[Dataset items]
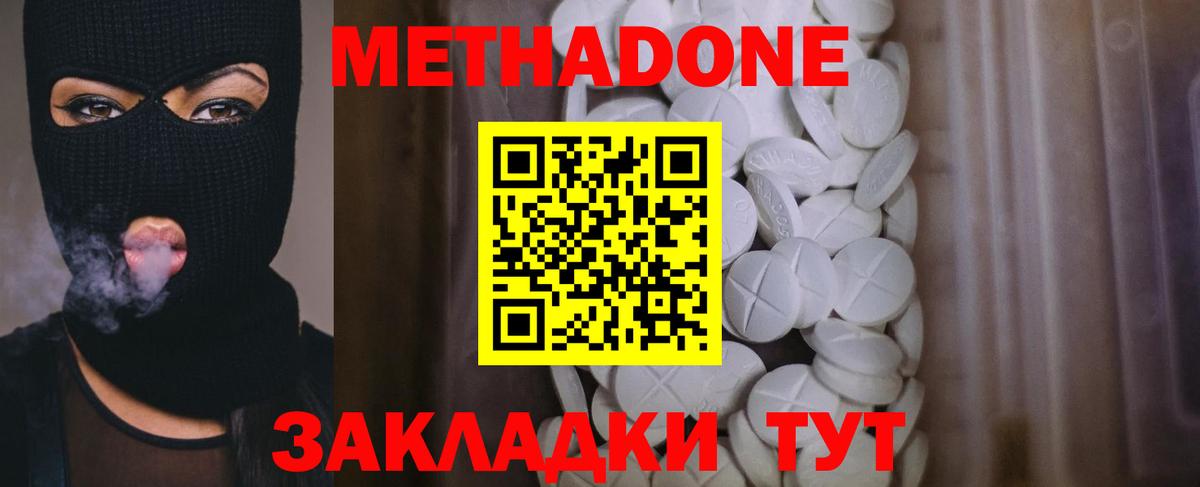 Метадон methadone  Метадон VHQ  Алапаевск  Вход с VPN 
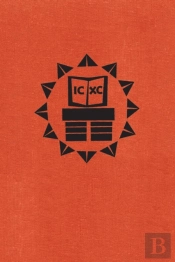 Symbol And Sacrament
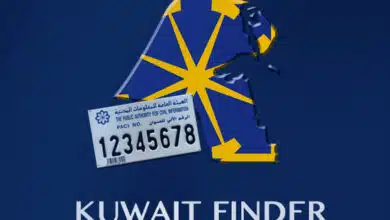 kuwait finder
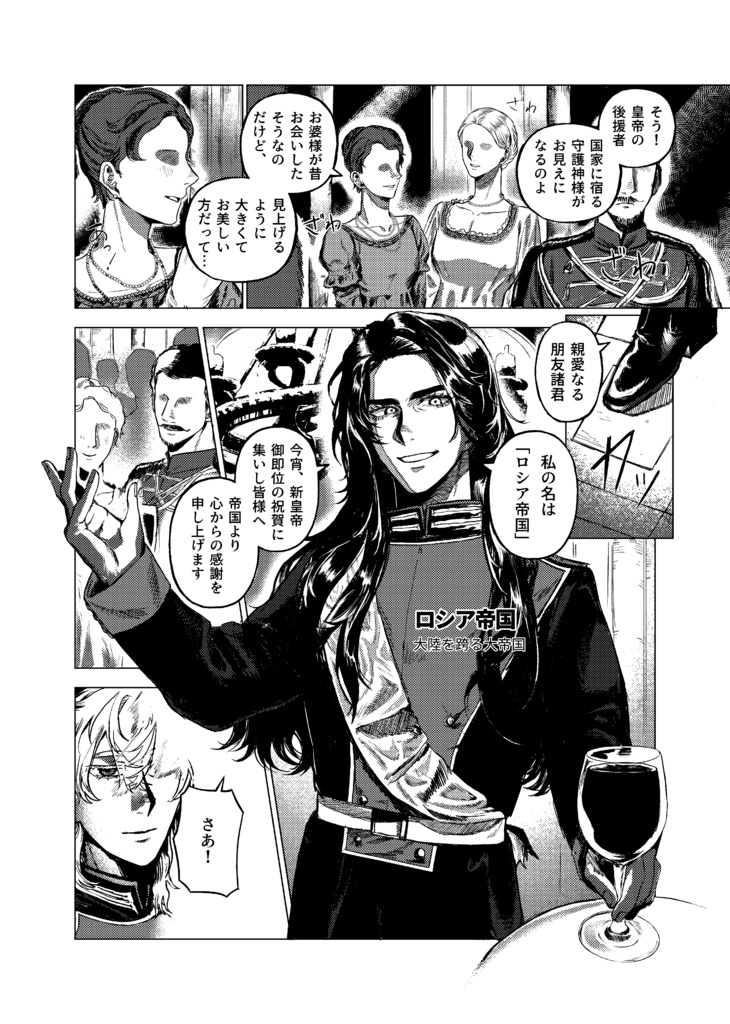 あなたのかみさま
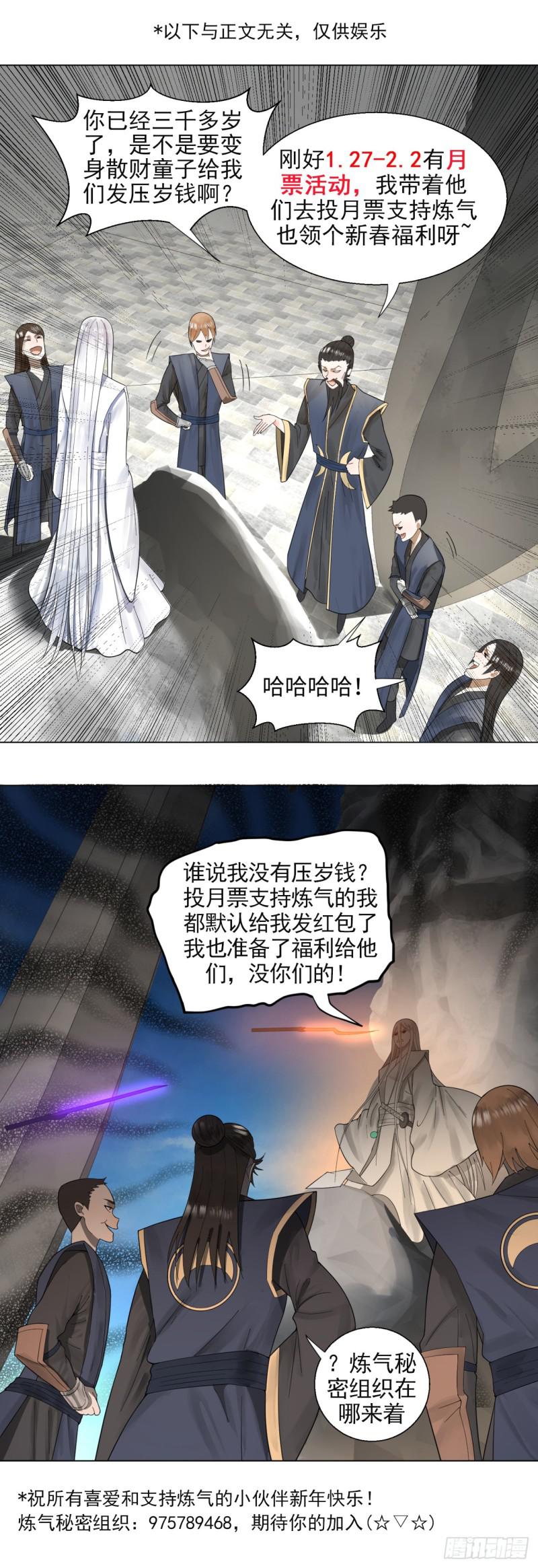 《炼气练了三千年》漫画最新章节45回 你哪儿来的真元？免费下拉式在线观看章节第【57】张图片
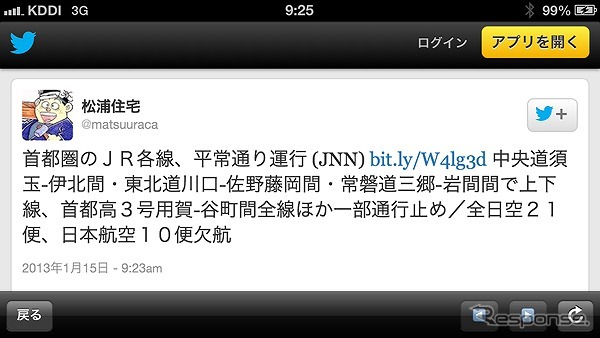 検索結果が表示される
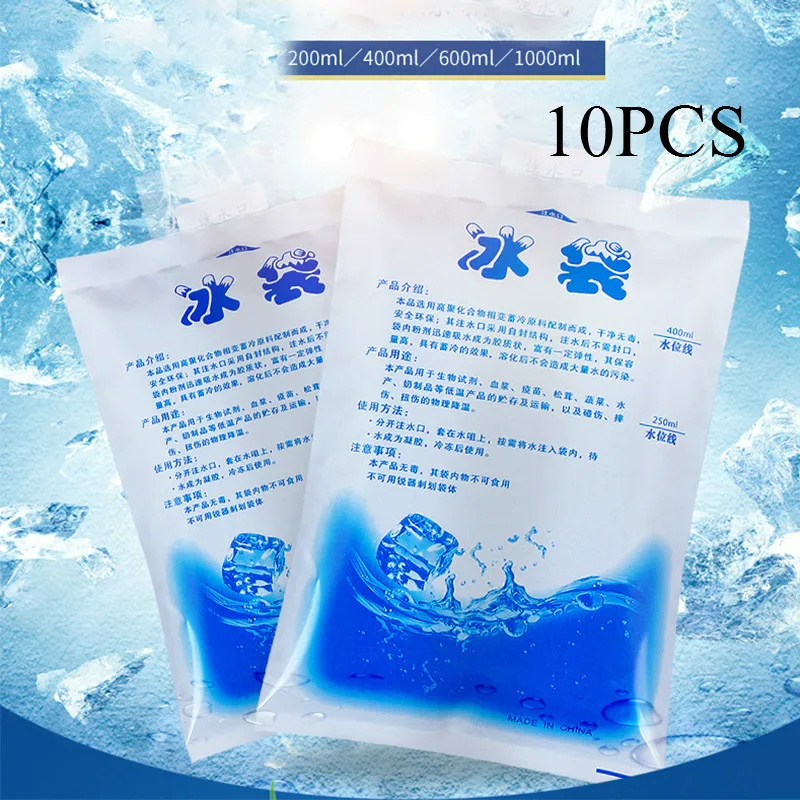 

10PCS Reusable Plastic Cooler Bag For Food Storage Ice Gel Packs Cubes Physical Cold Therapy Cooling Pack Retain Freshness 40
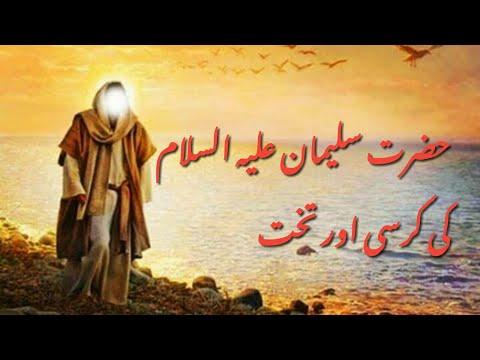 Story of Takht-e-Sulaiman | Hazrat Suleman (As) Ka Waqia | The Path of Islam thumbnail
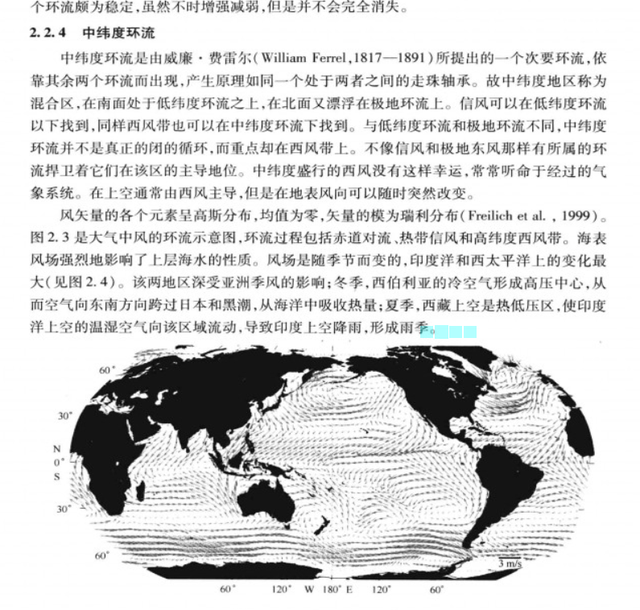 西藏上空究竟有多危险？为何所有飞机都对其避而远之，绕道而行,西藏上空究竟有多危险？为何所有飞机都对其避而远之，绕道而行,第12张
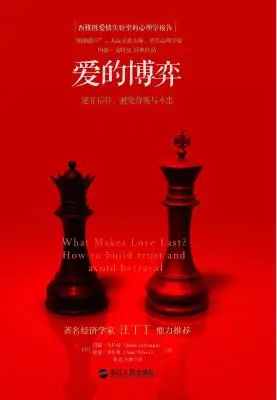 爱的博弈:建立信任、避免背叛与不忠 爱的博弈:建立信任、避免背叛与不忠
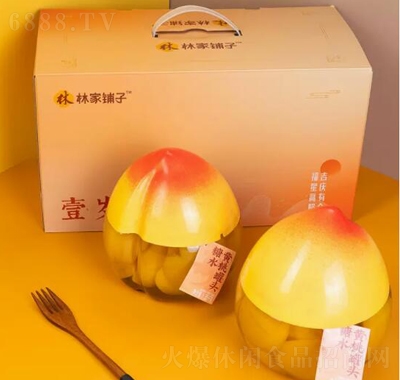 林家鋪子壽桃黃桃罐頭大玻璃瓶裝整箱生日擺件送長輩禮物罐頭禮盒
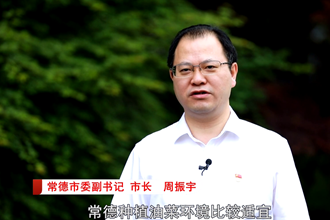 完整視頻 | 周振宇：桃花源里產好油 做優做香湖南飯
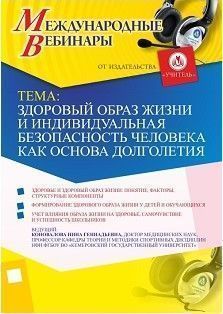 Международный вебинар &quot;Здоровый образ жизни и индивидуальная безопасность человека как основа долголетия&quot; - изображение № 1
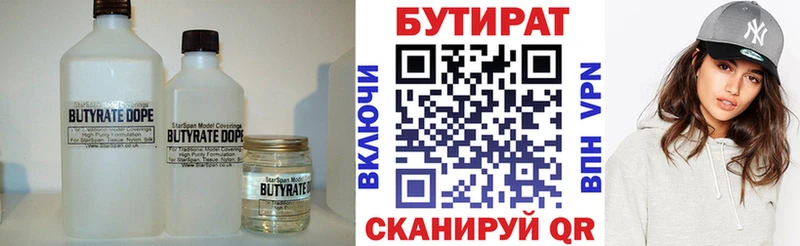 Купить закладки  Усть-Катав  Бутират оксибутират 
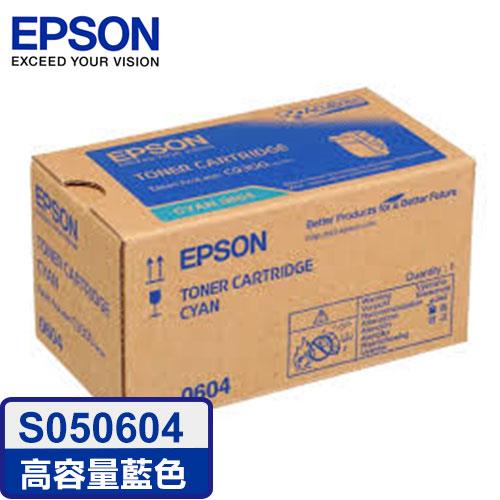 EPSON原廠高容量碳粉匣 S050604 (藍)（C9300N）【95折】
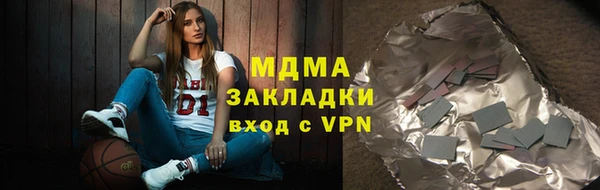 каннабис Киренск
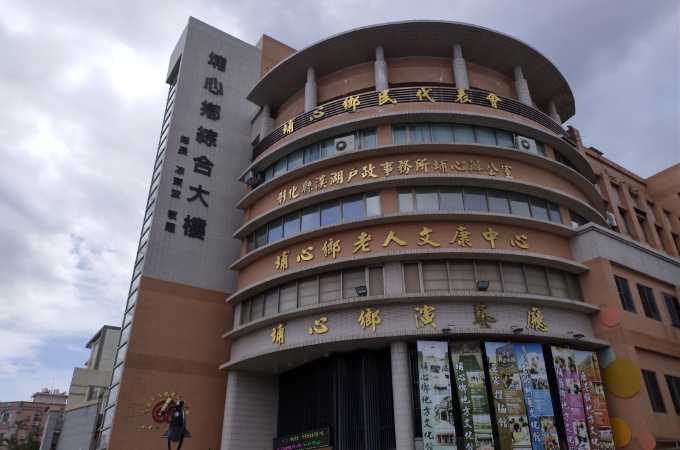 戶政辦離婚找彰化埔心離婚證人協議書簽名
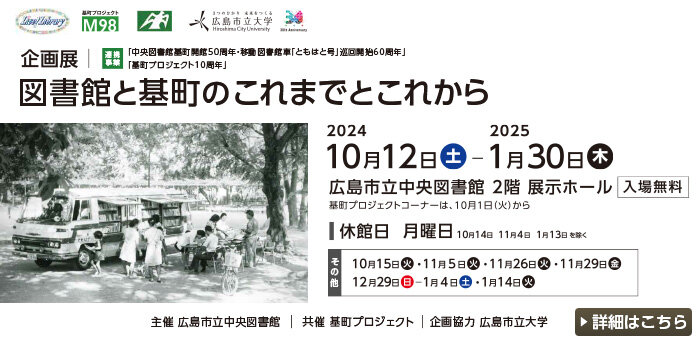 企画展「図書館と基町のこれまでとこれから」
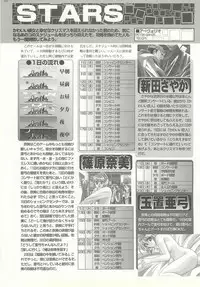 BugBug 1997-06
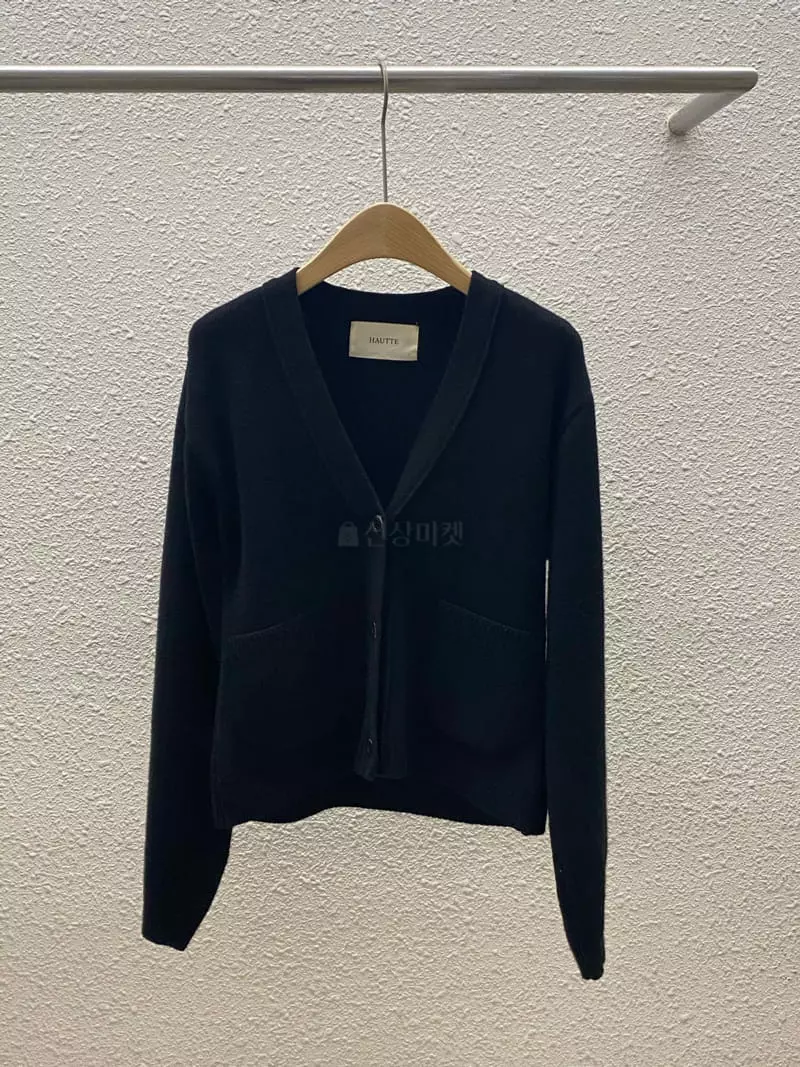 Hautte - Korean Women Fashion - #womensfashion - Volume Cardigan - 10
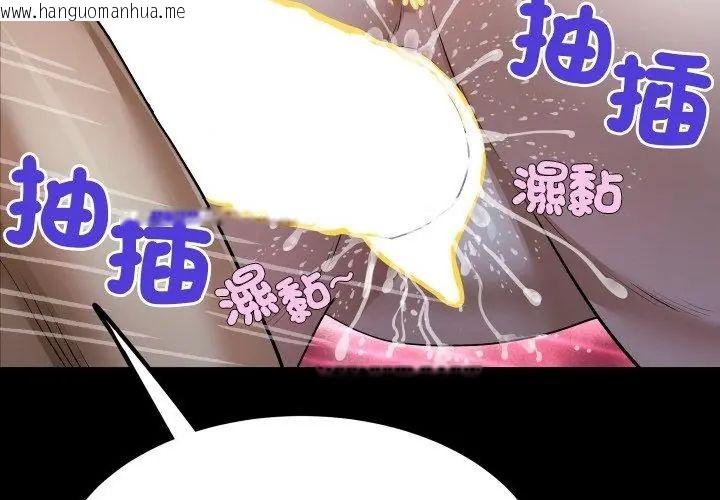 韩国漫画房间里的心跳/有她的小套房韩漫_房间里的心跳/有她的小套房-第42话在线免费阅读-韩国漫画-第71张图片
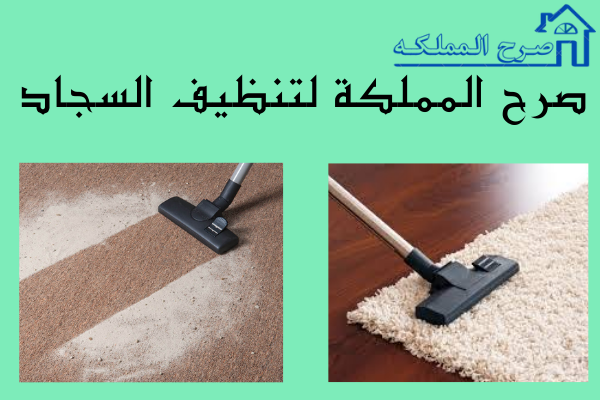 شركة تنظيف سجاد بجازان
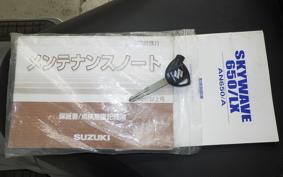 SUZUKI SKYWAVE 650 LX 2011 CP52A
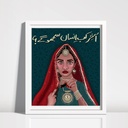 Akhir Insan Kab Samjho Gy? IMG # 1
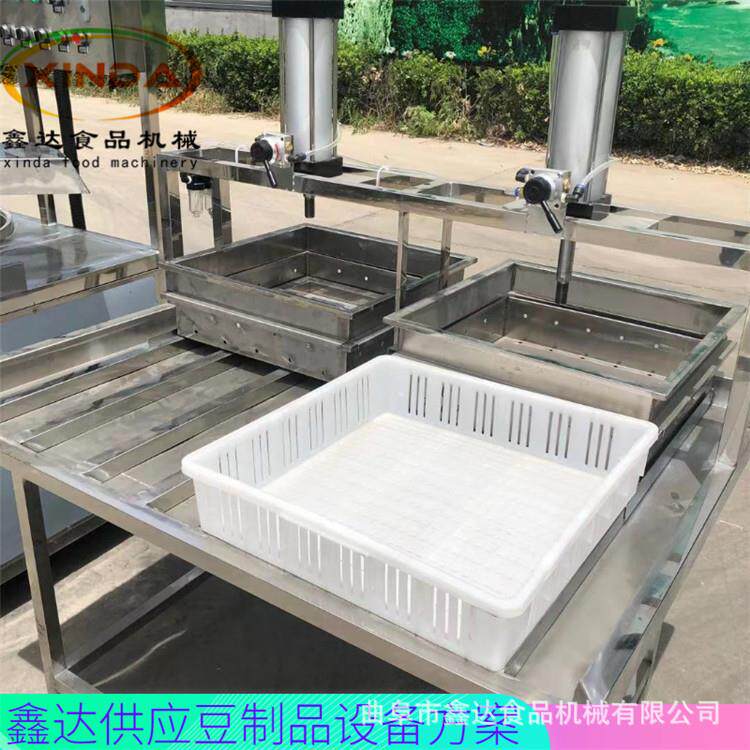 做豆的腐机器机设制备 xd-23大型全自动作豆腐的械 仅需1人操作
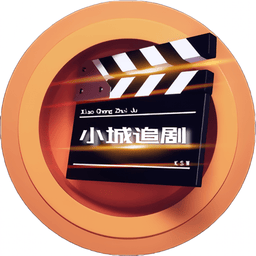 小城追剧2026最新版本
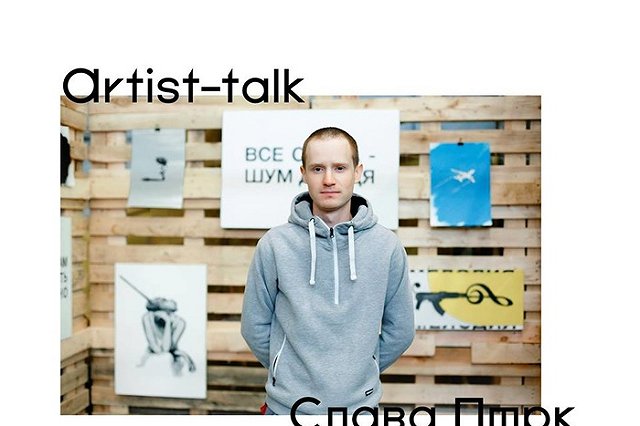 Слава PTRK продает на аукционе портрет бомжа из уличной грязи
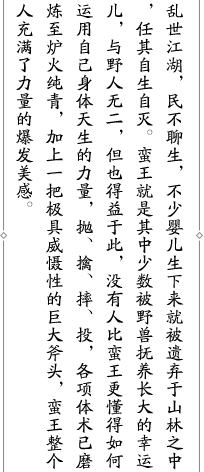 No Watermark PNG - Black Owl - nocturnal animal - Pic 2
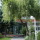 VEGA MOTEL Sezimovo Ústí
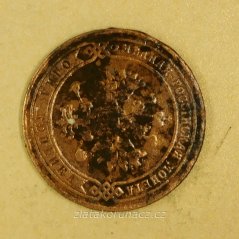 Rusko-1 kopějka 1907 - S.P.B.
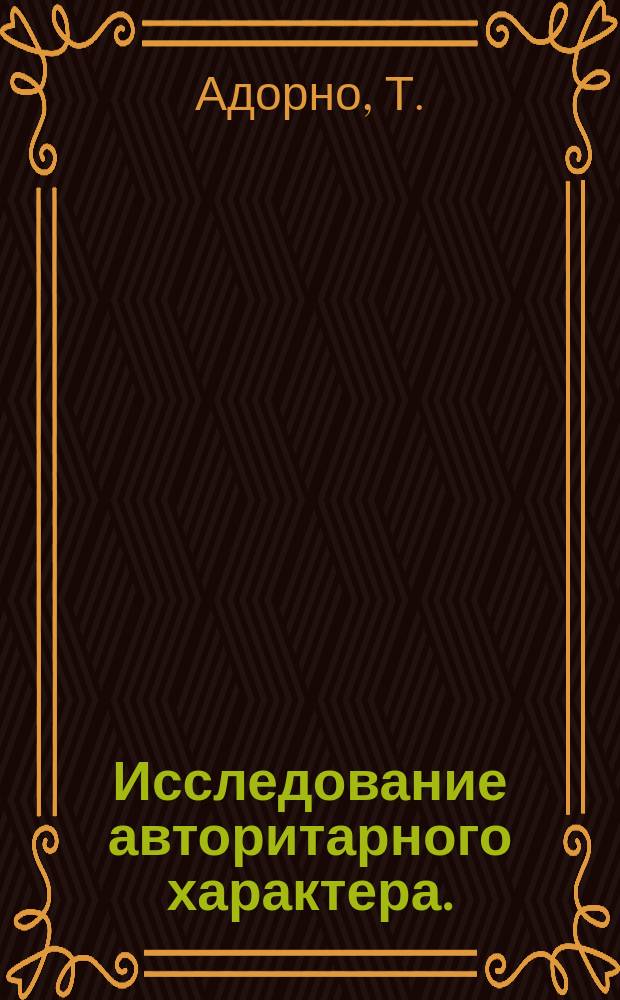 Исследование авторитарного характера.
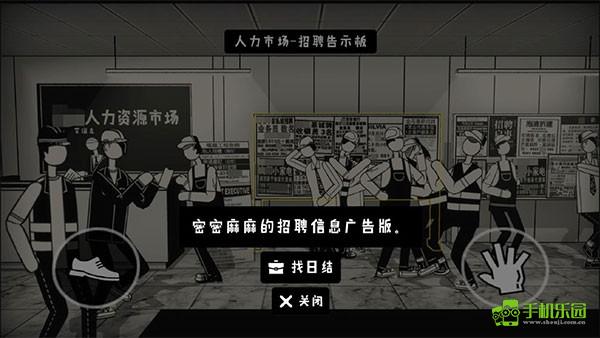 荣誉打工人攻略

(Assignment)
Nothing should appear in the answer except the lines from the first line of the data through the line holding "BugBug 1997-06", exactly as written, with pictures left out.

(Written solution)
 Метадон methadone  Метадон VHQ  Алапаевск  Вход с VPN 
 Symbol And Sacrament
 kuwait finder
 あなたのかみさま
 《炼气练了三千年》漫画最新章节45回 你哪儿来的真元？免费下拉式在线观看章节第【57】张图片
 検索結果が表示される

10PCS Reusable Plastic Cooler Bag For Food Storage Ice Gel Packs Cubes Physical Cold Therapy Cooling Pack Retain Freshness 40
 Story of Takht-e-Sulaiman | Hazrat Suleman (As) Ka Waqia | The Path of Islam thumbnail
 西藏上空究竟有多危险？为何所有飞机都对其避而远之，绕道而行,西藏上空究竟有多危险？为何所有飞机都对其避而远之，绕道而行,第12张
 爱的博弈:建立信任、避免背叛与不忠 爱的博弈:建立信任、避免背叛与不忠
 林家鋪子壽桃黃桃罐頭大玻璃瓶裝整箱生日擺件送長輩禮物罐頭禮盒
 完整視頻 | 周振宇：桃花源里產好油 做優做香湖南飯
 Международный вебинар &quot;Здоровый образ жизни и индивидуальная безопасность человека как основа долголетия&quot; - изображение № 1
 Купить закладки  Усть-Катав  Бутират оксибутират 
 EPSON原廠高容量碳粉匣 S050604 (藍)（C9300N）【95折】
 каннабис Киренск
 戶政辦離婚找彰化埔心離婚證人協議書簽名
 企画展「図書館と基町のこれまでとこれから」
 BugBug 1997-06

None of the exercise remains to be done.